For our loan receivable from Shurgard Europe, if we determine that it is probable we will be unable to collect all amounts due based on the terms of the loan agreement, we record an impairment charge for any excess of book value over the present value of expected future cash flows.

No impairments were recorded in any of our evaluations for any period presented herein.

Revenue and Expense Recognition

Rental income, which is generally earned pursuant to month-to-month leases for storage space, as well as late charges and administrative fees, are recognized as earned.  Promotional discounts reduce rental income over the promotional period.  Ancillary revenues and interest and other income are recognized when earned.  Equity in earnings of unconsolidated real estate entities represents our pro-rata share of the earnings of the Unconsolidated Real Estate Entities. 

We accrue for property tax expense based upon actual amounts billed and, in some circumstances, estimates and historical trends when bills or assessments have not been received from the taxing authorities or such bills and assessments are in dispute.  If these estimates are incorrect, the timing and amount of expense recognition could be incorrect.  Cost of operations, general and administrative expense, interest expense, as well as television and other advertising expenditures are expensed as incurred. 

Foreign Currency Exchange Translation

The local currency (primarily the Euro) is the functional currency for our interests in foreign operations.  The related balance sheet amounts are translated into U.S. Dollars at the exchange rates at the respective financial statement date, while amounts on our statements of income are translated at the average exchange rates during the respective period.  The Euro was translated at exchange rates of approximately 1.375 U.S. Dollars per Euro at March 31, 2014 (1.377 at December 31, 2013), and average exchange rates of 1.370 and 1.320 for the three months ended March 31, 2014 and 2013, respectively.  Cumulative translation adjustments, to the extent not included in cumulative net income, are included in equity as a component of accumulated other comprehensive income (loss).

 

11

 


 

PUBLIC STORAGE

NOTES TO FINANCIAL STATEMENTS

March 31, 2014

(Unaudited)

 

 

 

Comprehensive Income (Loss)

Total comprehensive income (loss) represents net income, adjusted for changes in other comprehensive income (loss) for the applicable period.  The aggregate foreign currency exchange gains and losses reflected on our statements of comprehensive income are comprised primarily of foreign currency exchange gains and losses on our investment in, and loan receivable from, Shurgard Europe.

Discontinued Operations

In April 2014, the Financial Accounting Standards Board (“FASB”) issued an accounting standard (ASU No. 2014-08) that requires us to classify as discontinued operations the operating results for those facility disposals that represent a strategic shift and have a major impact upon operations, as compared to presenting all facility disposals as discontinued operations under the previous standard.  Prospective application is required.

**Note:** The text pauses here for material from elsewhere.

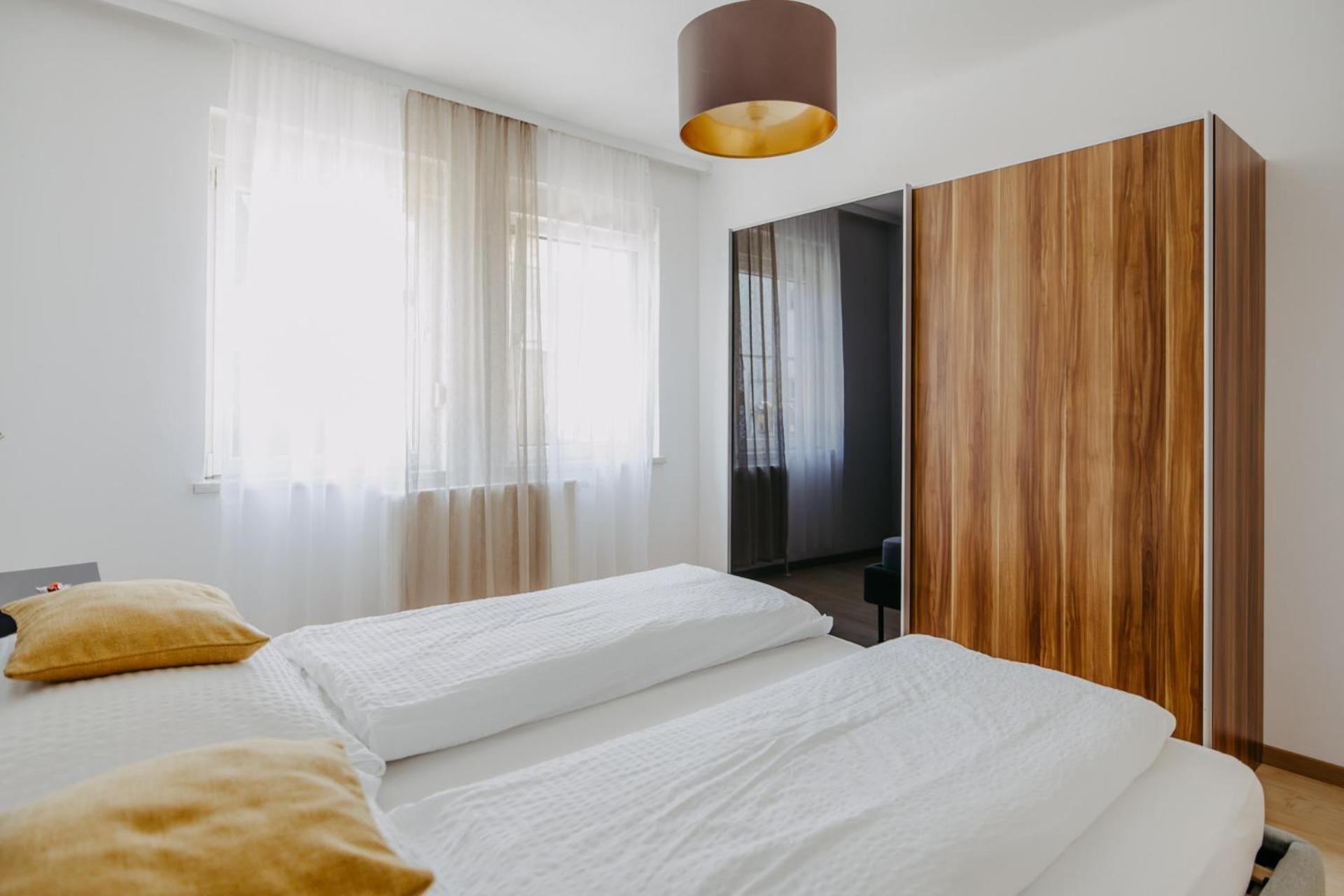 Ferienwohnung Illy Illmitz Bagian luar foto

As the standard encourages, we are early adopting the standard on January 1, 2014.  The adoption of ASU No. 2014-08 had no impact on our financial condition or results of operations.

Net Income per Common Share

Net income is allocated to (i) noncontrolling interests based upon their share of the net income of the Subsidiaries, (ii) preferred shareholders, to the extent redemption cost exceeds the related original net issuance proceeds (an “EITF D-42 allocation”), and (iii) the remaining net income is allocated to each of our equity securities based upon the dividends declared or accumulated during the period, combined with participation rights in undistributed earnings. 

Basic net income per share is computed using the weighted average common shares outstanding.  Diluted net income per share is computed using the weighted average common shares outstanding, adjusted for the impact, if dilutive, of stock options outstanding (Note 10). 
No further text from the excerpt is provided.